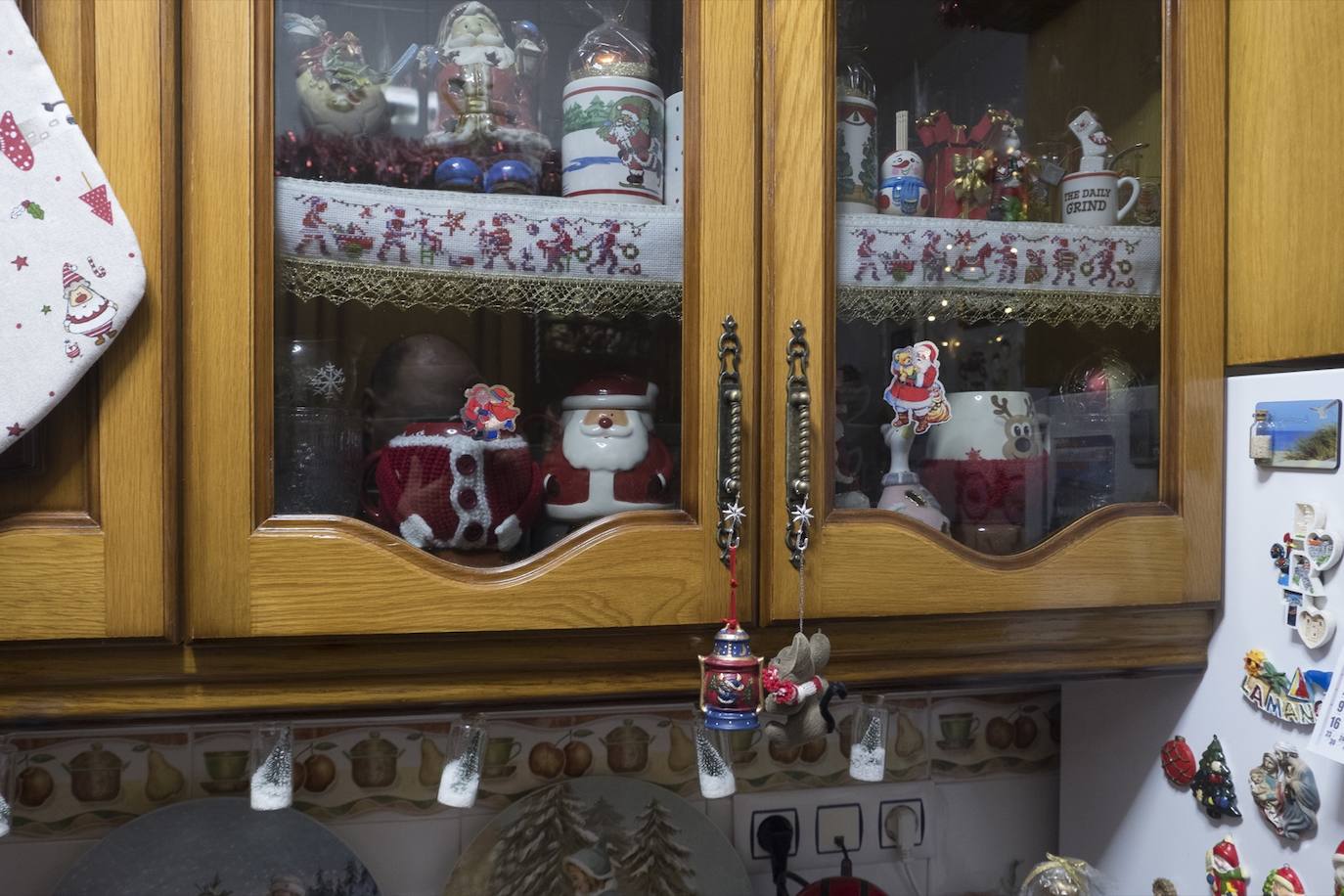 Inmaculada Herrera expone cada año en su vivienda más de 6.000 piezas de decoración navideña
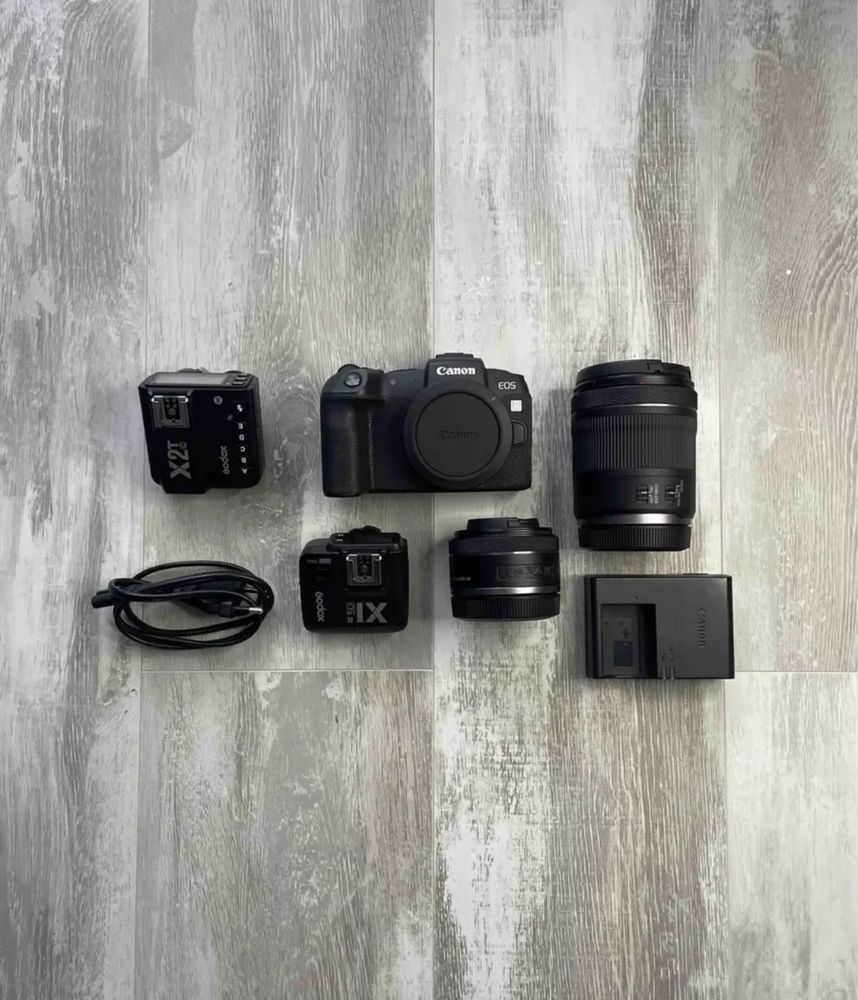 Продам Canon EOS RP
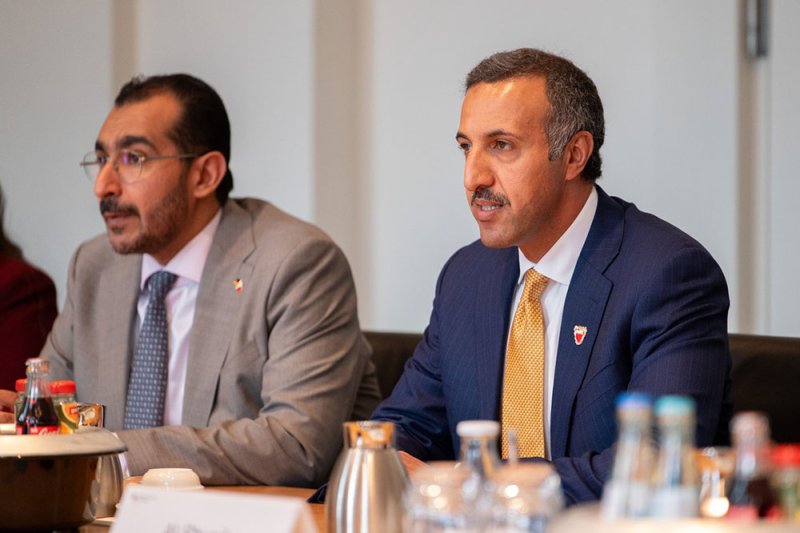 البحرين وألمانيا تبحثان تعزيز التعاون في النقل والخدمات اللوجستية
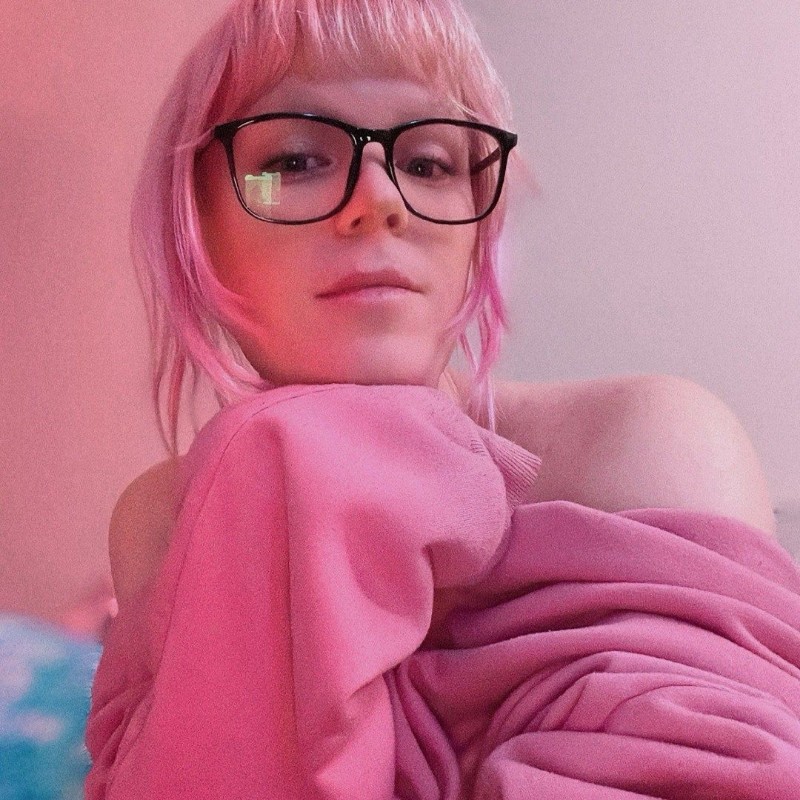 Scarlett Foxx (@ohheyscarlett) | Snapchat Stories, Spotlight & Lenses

---

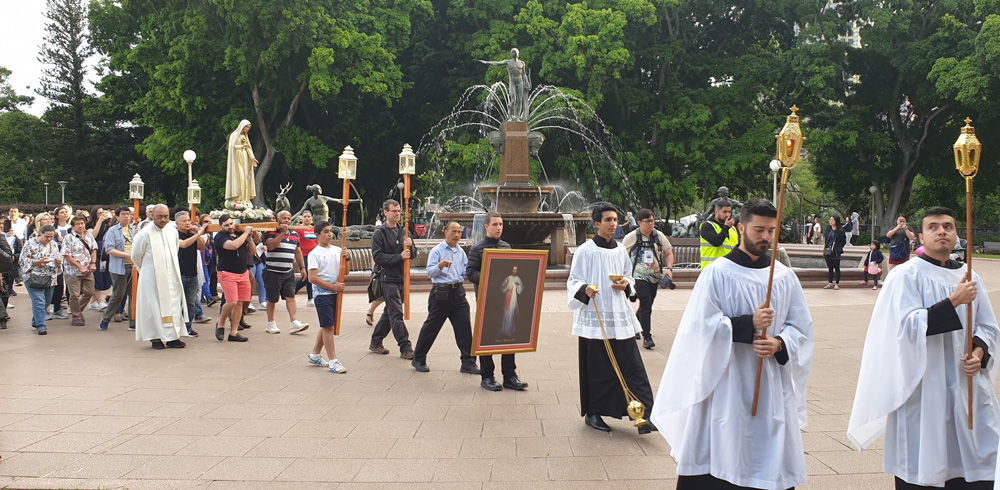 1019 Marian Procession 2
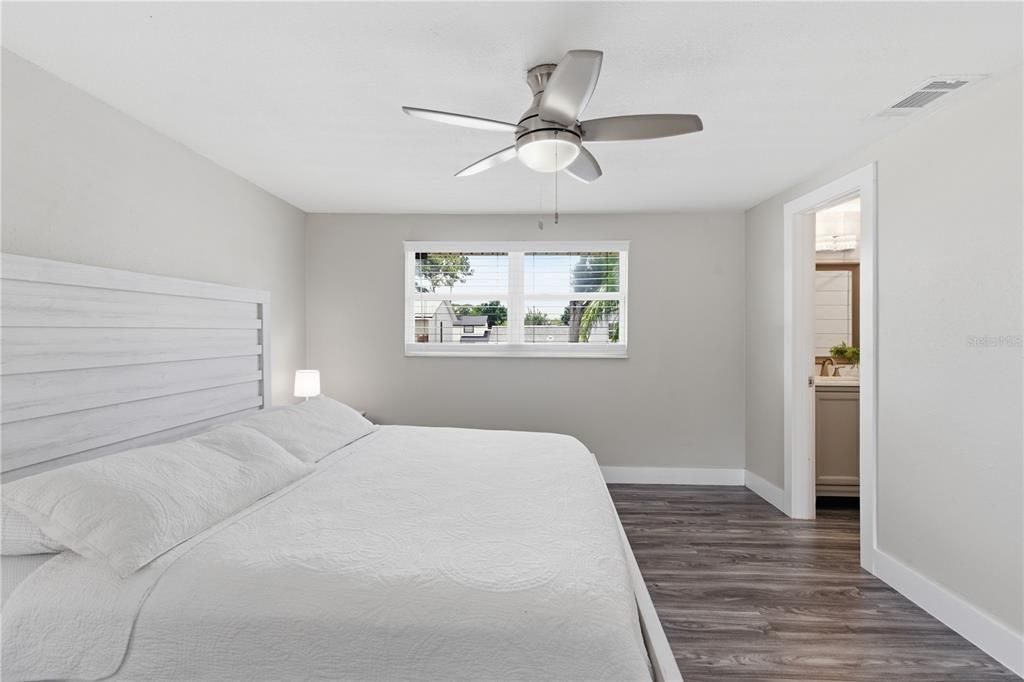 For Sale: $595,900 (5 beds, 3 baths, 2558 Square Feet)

---

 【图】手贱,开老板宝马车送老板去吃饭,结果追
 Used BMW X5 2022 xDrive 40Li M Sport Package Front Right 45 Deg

▶ TASK ITEM: Using the data above, output the line that has "Inmaculada Herrera expone", the line that has "Scarlett Foxx (@ohheyscarlett)", and whatever lines fall between, each exactly as it stands and without pictures.

▶ SOLVED PROBLEM:
 Inmaculada Herrera expone cada año en su vivienda más de 6.000 piezas de decoración navideña
 Продам Canon EOS RP
 البحرين وألمانيا تبحثان تعزيز التعاون في النقل والخدمات اللوجستية
 Scarlett Foxx (@ohheyscarlett) | Snapchat Stories, Spotlight & Lenses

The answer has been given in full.